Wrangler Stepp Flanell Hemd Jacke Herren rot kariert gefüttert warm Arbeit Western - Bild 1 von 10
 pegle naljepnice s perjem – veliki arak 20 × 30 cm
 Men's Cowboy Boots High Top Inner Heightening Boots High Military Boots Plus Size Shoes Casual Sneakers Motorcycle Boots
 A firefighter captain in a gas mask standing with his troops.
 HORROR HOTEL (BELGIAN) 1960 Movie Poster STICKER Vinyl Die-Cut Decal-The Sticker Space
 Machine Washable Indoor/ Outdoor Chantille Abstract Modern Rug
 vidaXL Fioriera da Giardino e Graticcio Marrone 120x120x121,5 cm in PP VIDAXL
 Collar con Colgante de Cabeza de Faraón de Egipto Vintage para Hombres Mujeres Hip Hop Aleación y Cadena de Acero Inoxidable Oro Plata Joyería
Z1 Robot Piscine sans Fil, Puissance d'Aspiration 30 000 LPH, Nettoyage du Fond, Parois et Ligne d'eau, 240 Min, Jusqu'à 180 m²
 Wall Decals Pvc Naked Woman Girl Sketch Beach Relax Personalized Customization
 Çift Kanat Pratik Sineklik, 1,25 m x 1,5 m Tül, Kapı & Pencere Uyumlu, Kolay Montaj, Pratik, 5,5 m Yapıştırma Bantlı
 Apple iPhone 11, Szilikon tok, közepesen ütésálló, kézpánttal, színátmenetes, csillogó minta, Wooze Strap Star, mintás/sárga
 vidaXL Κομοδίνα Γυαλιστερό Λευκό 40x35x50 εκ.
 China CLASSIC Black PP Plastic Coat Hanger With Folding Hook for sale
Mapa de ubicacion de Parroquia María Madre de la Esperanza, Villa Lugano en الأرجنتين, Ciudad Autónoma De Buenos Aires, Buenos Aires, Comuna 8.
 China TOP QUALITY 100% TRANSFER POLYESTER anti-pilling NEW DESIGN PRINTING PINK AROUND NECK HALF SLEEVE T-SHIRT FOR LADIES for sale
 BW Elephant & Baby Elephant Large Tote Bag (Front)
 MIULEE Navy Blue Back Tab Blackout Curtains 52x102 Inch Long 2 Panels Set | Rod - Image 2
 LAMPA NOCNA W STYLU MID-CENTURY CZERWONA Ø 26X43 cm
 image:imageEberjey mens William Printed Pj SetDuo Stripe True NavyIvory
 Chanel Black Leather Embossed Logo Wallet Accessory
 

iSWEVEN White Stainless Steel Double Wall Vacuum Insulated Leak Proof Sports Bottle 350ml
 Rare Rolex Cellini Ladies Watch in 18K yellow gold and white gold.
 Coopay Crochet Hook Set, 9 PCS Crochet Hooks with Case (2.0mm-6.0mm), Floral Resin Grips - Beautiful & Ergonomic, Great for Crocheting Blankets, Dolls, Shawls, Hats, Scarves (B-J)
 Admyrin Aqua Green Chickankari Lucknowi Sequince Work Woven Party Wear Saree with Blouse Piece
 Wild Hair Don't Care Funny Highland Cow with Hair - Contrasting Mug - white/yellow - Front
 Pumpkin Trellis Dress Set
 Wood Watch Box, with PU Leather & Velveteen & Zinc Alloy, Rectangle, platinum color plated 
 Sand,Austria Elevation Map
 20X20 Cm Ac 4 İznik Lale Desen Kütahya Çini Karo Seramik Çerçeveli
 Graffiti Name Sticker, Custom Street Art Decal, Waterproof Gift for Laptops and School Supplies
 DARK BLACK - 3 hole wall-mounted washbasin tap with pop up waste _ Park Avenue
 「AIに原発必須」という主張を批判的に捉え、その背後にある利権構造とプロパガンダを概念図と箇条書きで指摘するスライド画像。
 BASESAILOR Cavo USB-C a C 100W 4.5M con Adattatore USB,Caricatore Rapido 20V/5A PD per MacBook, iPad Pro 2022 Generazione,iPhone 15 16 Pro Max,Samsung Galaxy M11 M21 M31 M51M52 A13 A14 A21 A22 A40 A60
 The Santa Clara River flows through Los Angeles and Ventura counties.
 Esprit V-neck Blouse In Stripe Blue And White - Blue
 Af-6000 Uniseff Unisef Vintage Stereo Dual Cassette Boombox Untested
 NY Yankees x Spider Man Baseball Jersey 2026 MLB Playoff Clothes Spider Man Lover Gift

- - -

### TASK OBJECTIVE:
Please reproduce every record shown above, exactly as written.

### SOLVED EXERCISE:
Wrangler Stepp Flanell Hemd Jacke Herren rot kariert gefüttert warm Arbeit Western - Bild 1 von 10
 pegle naljepnice s perjem – veliki arak 20 × 30 cm
 Men's Cowboy Boots High Top Inner Heightening Boots High Military Boots Plus Size Shoes Casual Sneakers Motorcycle Boots
 A firefighter captain in a gas mask standing with his troops.
 HORROR HOTEL (BELGIAN) 1960 Movie Poster STICKER Vinyl Die-Cut Decal-The Sticker Space
 Machine Washable Indoor/ Outdoor Chantille Abstract Modern Rug
 vidaXL Fioriera da Giardino e Graticcio Marrone 120x120x121,5 cm in PP VIDAXL
 Collar con Colgante de Cabeza de Faraón de Egipto Vintage para Hombres Mujeres Hip Hop Aleación y Cadena de Acero Inoxidable Oro Plata Joyería
Z1 Robot Piscine sans Fil, Puissance d'Aspiration 30 000 LPH, Nettoyage du Fond, Parois et Ligne d'eau, 240 Min, Jusqu'à 180 m²
 Wall Decals Pvc Naked Woman Girl Sketch Beach Relax Personalized Customization
 Çift Kanat Pratik Sineklik, 1,25 m x 1,5 m Tül, Kapı & Pencere Uyumlu, Kolay Montaj, Pratik, 5,5 m Yapıştırma Bantlı
 Apple iPhone 11, Szilikon tok, közepesen ütésálló, kézpánttal, színátmenetes, csillogó minta, Wooze Strap Star, mintás/sárga
 vidaXL Κομοδίνα Γυαλιστερό Λευκό 40x35x50 εκ.
 China CLASSIC Black PP Plastic Coat Hanger With Folding Hook for sale
Mapa de ubicacion de Parroquia María Madre de la Esperanza, Villa Lugano en الأرجنتين, Ciudad Autónoma De Buenos Aires, Buenos Aires, Comuna 8.
 China TOP QUALITY 100% TRANSFER POLYESTER anti-pilling NEW DESIGN PRINTING PINK AROUND NECK HALF SLEEVE T-SHIRT FOR LADIES for sale
 BW Elephant & Baby Elephant Large Tote Bag (Front)
 MIULEE Navy Blue Back Tab Blackout Curtains 52x102 Inch Long 2 Panels Set | Rod - Image 2
 LAMPA NOCNA W STYLU MID-CENTURY CZERWONA Ø 26X43 cm
 image:imageEberjey mens William Printed Pj SetDuo Stripe True NavyIvory
 Chanel Black Leather Embossed Logo Wallet Accessory
 

iSWEVEN White Stainless Steel Double Wall Vacuum Insulated Leak Proof Sports Bottle 350ml
 Rare Rolex Cellini Ladies Watch in 18K yellow gold and white gold.
 Coopay Crochet Hook Set, 9 PCS Crochet Hooks with Case (2.0mm-6.0mm), Floral Resin Grips - Beautiful & Ergonomic, Great for Crocheting Blankets, Dolls, Shawls, Hats, Scarves (B-J)
 Admyrin Aqua Green Chickankari Lucknowi Sequince Work Woven Party Wear Saree with Blouse Piece
 Wild Hair Don't Care Funny Highland Cow with Hair - Contrasting Mug - white/yellow - Front
 Pumpkin Trellis Dress Set
 Wood Watch Box, with PU Leather & Velveteen & Zinc Alloy, Rectangle, platinum color plated 
 Sand,Austria Elevation Map
 20X20 Cm Ac 4 İznik Lale Desen Kütahya Çini Karo Seramik Çerçeveli
 Graffiti Name Sticker, Custom Street Art Decal, Waterproof Gift for Laptops and School Supplies
 DARK BLACK - 3 hole wall-mounted washbasin tap with pop up waste _ Park Avenue
 「AIに原発必須」という主張を批判的に捉え、その背後にある利権構造とプロパガンダを概念図と箇条書きで指摘するスライド画像。
 BASESAILOR Cavo USB-C a C 100W 4.5M con Adattatore USB,Caricatore Rapido 20V/5A PD per MacBook, iPad Pro 2022 Generazione,iPhone 15 16 Pro Max,Samsung Galaxy M11 M21 M31 M51M52 A13 A14 A21 A22 A40 A60
 The Santa Clara River flows through Los Angeles and Ventura counties.
 Esprit V-neck Blouse In Stripe Blue And White - Blue
 Af-6000 Uniseff Unisef Vintage Stereo Dual Cassette Boombox Untested
 NY Yankees x Spider Man Baseball Jersey 2026 MLB Playoff Clothes Spider Man Lover Gift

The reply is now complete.